Que se repense, pois, em novas bases, isto é, tendo em vista o contexto hodierno, as idéias de Santo Agostinho, Eusébio de Cesaréia, Savonarola, Marsilio da Padova, William of Ockham, S. Tomás de Aquino e outros grandes teólogos que refletiram a propósito das relações entre
IGREJA e
ESTADO ou seja, entre os 'braços' espiritual e secular; a doutrina social da Igreja; a virilidade marcial dos gibelinos; a admirável 'engenharia administrativa' implementada por Santo Inácio de Loyola na
Societas Iesu; o modelo 'distributivista' de Chesterton e Belloc; o 'princípio de subsidiariedade' proposto por Pio XI; etc., etc., etc., em suma, todo o riquíssimo legado de perspectivas teóricas e experiências históricas da Igreja na esfera da política, de maneira a descortinar novos horizontes de organização social que de facto encarnem legitimamente as doutrinas da Igreja. Enfim, há que 'colocar a cabeça para funcionar', ‘meter as mãos na massa’, envidar todos os esforços para salvar / restaurar o que for possível no que tange ao
VERDADEIRO Ocidente.
E acrescento: hoje, mais do que nunca em sua História, a Igreja precisa ter a sabedoria incorporar o que houver de proveitoso nas grandes tradições gnósticas ocidentais (antes tão vilipendiadas e perseguidas), sobretudo pelo facto de terem acumulado um profundo legado de revolta messiânica contra a '
REALIDADE'.
Desnecessário sublinhar, creio eu, que há no mundo contemporâneo uma galáxia de transformações, deformações e disfunções irreversíveis; miríades de circunstâncias incontornáveis; que '"falar é fácil"; que "o papel aceita tudo"; etc., etc., etc... estamos, pois, plenamente cientes de todas as dificuldades, vicissitudes, obstáculos e ameaças em nossa jornada, sem dúvida... mas d'uma coisa, não obstante, temos plena certeza: o que em absoluto não mais pode ser tolerado é ver a Igreja assistir, de braços cruzados, inerte, se calhar já em estado de quase catatonia, à desintegração da civilização que Ela gerou. Há que recuperar, da maneira e na proporção em que for possível, a férrea disposição para a ação política que a Igreja já teve . Onde está, por exemplo, o fervor militante, o ímpeto marcial, a 'ira santa' de Santo Inácio de Loyola e sua excelsa ordem, os gloriosos 'soldados da Igreja'? É mister retomar esse espírito, mesmo que a princípio em plano meramente simbólico.
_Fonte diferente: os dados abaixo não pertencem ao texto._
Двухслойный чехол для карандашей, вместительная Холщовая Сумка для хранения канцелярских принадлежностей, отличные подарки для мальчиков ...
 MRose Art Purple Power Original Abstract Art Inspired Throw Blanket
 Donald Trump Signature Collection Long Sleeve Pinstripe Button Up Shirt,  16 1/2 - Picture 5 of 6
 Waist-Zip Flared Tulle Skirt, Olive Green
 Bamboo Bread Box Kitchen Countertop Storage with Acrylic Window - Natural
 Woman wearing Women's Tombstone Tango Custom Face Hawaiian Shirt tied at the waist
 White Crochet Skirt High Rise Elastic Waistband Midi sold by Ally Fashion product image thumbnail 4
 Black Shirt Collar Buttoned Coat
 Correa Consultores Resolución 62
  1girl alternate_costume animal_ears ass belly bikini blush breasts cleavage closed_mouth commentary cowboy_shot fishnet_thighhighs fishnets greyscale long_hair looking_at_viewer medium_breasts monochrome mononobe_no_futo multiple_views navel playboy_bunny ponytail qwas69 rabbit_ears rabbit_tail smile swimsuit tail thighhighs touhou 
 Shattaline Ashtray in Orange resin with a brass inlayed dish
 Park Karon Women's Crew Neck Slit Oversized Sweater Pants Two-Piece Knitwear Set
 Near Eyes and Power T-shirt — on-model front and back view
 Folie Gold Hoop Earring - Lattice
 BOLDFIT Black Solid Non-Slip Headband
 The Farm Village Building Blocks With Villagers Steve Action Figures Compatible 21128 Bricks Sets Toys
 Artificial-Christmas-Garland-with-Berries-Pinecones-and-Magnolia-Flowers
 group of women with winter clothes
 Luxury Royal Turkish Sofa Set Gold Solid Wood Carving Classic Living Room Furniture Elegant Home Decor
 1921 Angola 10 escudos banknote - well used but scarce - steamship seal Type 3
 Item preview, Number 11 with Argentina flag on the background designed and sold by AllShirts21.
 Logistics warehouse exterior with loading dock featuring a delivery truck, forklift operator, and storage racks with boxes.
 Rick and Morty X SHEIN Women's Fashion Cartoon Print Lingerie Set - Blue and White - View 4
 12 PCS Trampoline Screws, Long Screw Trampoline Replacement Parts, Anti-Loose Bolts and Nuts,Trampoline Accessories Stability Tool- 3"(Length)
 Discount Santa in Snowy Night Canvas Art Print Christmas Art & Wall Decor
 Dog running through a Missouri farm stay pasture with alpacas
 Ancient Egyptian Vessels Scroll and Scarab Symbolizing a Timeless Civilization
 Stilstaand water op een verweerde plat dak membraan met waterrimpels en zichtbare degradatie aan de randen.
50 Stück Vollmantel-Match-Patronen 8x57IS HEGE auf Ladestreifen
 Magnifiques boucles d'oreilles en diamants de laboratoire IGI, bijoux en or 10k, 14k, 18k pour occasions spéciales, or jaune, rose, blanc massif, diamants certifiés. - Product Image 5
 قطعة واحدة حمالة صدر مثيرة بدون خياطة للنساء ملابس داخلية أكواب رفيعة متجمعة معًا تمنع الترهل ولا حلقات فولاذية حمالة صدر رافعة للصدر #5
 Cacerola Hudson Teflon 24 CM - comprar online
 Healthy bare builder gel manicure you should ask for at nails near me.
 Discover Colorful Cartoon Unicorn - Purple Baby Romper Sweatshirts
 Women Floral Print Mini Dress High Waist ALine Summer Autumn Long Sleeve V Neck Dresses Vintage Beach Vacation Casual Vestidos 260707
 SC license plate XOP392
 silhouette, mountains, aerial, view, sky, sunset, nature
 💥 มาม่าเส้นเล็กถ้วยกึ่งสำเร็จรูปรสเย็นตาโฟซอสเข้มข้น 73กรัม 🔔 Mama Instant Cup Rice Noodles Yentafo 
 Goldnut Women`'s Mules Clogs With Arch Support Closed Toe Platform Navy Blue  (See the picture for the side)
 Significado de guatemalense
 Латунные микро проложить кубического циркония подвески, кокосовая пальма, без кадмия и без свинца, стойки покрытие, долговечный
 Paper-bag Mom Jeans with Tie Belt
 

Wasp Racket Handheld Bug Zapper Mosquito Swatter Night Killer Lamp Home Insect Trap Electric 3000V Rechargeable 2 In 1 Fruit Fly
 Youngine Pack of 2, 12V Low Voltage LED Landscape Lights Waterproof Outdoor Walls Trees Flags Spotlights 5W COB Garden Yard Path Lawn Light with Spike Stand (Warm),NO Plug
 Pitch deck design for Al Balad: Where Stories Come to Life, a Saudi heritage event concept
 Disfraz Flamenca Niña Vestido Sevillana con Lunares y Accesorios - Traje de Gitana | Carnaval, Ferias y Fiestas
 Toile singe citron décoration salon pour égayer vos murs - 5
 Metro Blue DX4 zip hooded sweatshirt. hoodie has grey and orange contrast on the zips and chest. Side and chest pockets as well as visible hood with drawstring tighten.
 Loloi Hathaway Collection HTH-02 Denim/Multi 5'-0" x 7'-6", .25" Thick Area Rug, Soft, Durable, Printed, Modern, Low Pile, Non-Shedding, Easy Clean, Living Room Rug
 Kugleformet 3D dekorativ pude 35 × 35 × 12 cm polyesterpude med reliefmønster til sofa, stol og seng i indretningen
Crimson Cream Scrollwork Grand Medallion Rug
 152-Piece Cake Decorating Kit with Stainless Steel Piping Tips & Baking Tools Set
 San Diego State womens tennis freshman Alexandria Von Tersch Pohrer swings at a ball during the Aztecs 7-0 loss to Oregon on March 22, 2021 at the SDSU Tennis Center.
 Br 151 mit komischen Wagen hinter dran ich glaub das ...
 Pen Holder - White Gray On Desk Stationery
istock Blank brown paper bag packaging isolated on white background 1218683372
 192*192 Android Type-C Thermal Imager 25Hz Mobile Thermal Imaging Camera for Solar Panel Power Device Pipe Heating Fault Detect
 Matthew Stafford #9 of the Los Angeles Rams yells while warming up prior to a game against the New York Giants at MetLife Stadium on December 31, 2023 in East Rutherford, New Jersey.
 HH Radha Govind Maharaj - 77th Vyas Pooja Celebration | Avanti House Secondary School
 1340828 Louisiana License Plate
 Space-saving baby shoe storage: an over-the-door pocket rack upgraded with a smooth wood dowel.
À guisa de encerramento, há que ainda tecer uma consideração: enganam-se, profunda e tragicamente, os que vêem na ascensão do Islã xiita uma ameaça à sobrevivência da civilização cristã; a verdade caminha precisamente em sentido contrário, aliás: uma Igreja revigorada, confiante, pejada de ânimo combativo, teria no Islã xiita um precioso aliado na revolta contra o mundo moderno. Devemos buscar um agir político que emerja do próprio imo da consciência religiosa; ou, melhor dizendo, um impulso de transformação social, cultural e espiritual que nasça não da razão política, mas dos postulados transcendentes da fé, que faça da religião um agir político, e vice-versa. Portanto, a despeito de quaisquer dissensões de âmbito doutrinário (que são múltiplas e inexoráveis, seria uma estultícia negá-lo), penso que a Igreja deveria estudar atentamente o eloqüente exemplo da Revolução Islâmica iraniana: com efeito, a liderança de Khomeini, a um só tempo demonstrando extrema sagacidade e fidelidade aos cânones de sua religião, não canalizou politicamente o Islã para fazer a revolução iraniana, ou seja, não fez uso da religião para agir politicamente, mas sim lançou mão da política para atuar religiosamente em prol da regeneração espiritual e moral de seu país.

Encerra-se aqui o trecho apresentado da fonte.